Now that spring has officially sprung (and summer is just around the corner) it's a good time to talk about sun safety and sunscreen. Lately, sunscreen has gotten a bad rap in social media. People are worried about the chemicals in the lotions we use and causing harm to their child by applying using them. But, the truth of the matter is that not using an effective sunscreen will cause much more damage.
Skin cancer is a real problem and in many cases is related to damage from the UV rays from the sun. This damage starts when we are young and compounds on itself as we age. Sun damage not only causes many skin cancers but it is also related to wrinkles, skin discoloration and burns that can result in pain and scars.
We all want you and your kids to enjoy the outdoors as the weather continues to get nicer, but just remember to be safe about it.To protect yourself and your kids from the sun, here are four things to know:
- Sun avoidance: Stay in the shade when you can. Use big-brimmed hats, long lightweight clothing or the shade of a building to keep yourself out of direct sunlight. The hours of 10 a.m. to 4 p.m. are when the sun is strongest and tends to cause the most damage. Remember, though, clouds don’t count as sun avoidance — you can still get burned through the clouds.

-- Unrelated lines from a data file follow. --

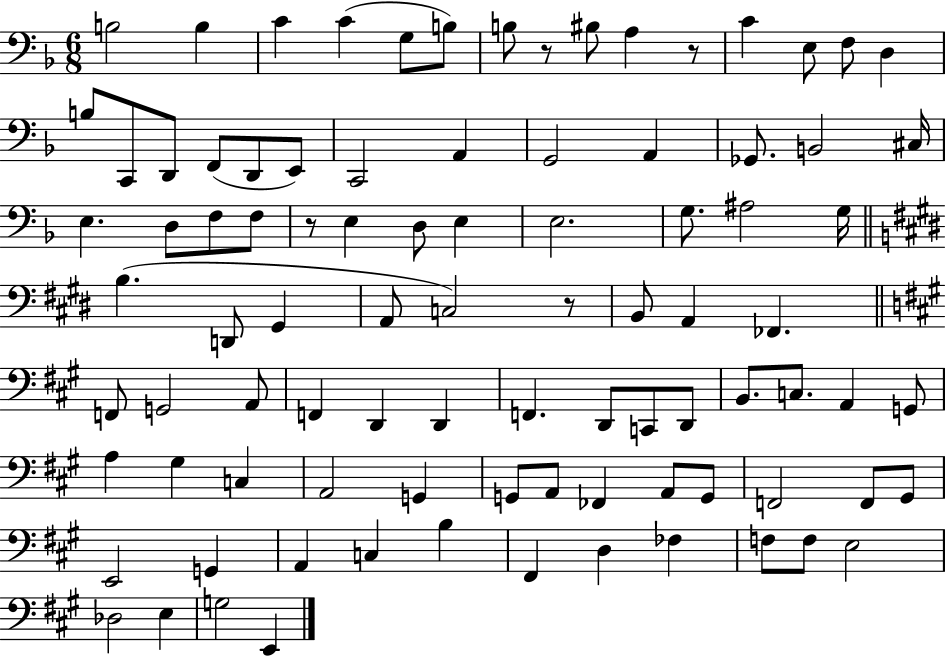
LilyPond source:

{
  \clef bass
  \numericTimeSignature
  \time 6/8
  \key f \major
  b2 b4 | c'4 c'4( g8 b8) | b8 r8 bis8 a4 r8 | c'4 e8 f8 d4 | \break b8 c,8 d,8 f,8( d,8 e,8) | c,2 a,4 | g,2 a,4 | ges,8. b,2 cis16 | \break e4. d8 f8 f8 | r8 e4 d8 e4 | e2. | g8. ais2 g16 | \break \bar "||" \break \key e \major b4.( d,8 gis,4 | a,8 c2) r8 | b,8 a,4 fes,4. | \bar "||" \break \key a \major f,8 g,2 a,8 | f,4 d,4 d,4 | f,4. d,8 c,8 d,8 | b,8. c8. a,4 g,8 | \break a4 gis4 c4 | a,2 g,4 | g,8 a,8 fes,4 a,8 g,8 | f,2 f,8 gis,8 | \break e,2 g,4 | a,4 c4 b4 | fis,4 d4 fes4 | f8 f8 e2 | \break des2 e4 | g2 e,4 | \bar "|."
}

- Sunscreen clothing: Some clothes actually have an SPF rating. They are often long-sleeve shirts and pants that you and your kids can wear. These items are lightweight, ensuring that you and your child won't overheat. They also cover a large surface area of skin, which means your child will need less sunscreen. Hats can also be SPF rated and you and your child can wear those to protect the scalp, face, and neck.
- Sunscreen lotions: Experts recommend an SPF of 30-50 no matter your age (even young babies who are going to be in the direct sun should be protected). Proper application is key. You need to put a generous layer on any exposed skin (don’t forget your ears) and reapply every two hours — especially if swimming/sweating. You also should apply sunscreen 15 minutes prior to going in the sun to allow it to dry. At first, many sunscreens are white on the skin. Get it all over your skin, let it dry for 10 minutes, and then you can rub in any remaining white spots.
- Types of sunscreen: There are two types of sunscreen — physical blockers (which contain titanium dioxide or zinc oxide) and chemical blockers (which have chemicals that block the harmful UV rays from the sun). Using physical blockers may help minimize irritation from sunscreen use if you or your child has sensitive skin. Zinc oxide is the main ingredient in a lot of diaper rash creams — so you could even use this for sunscreen in a pinch.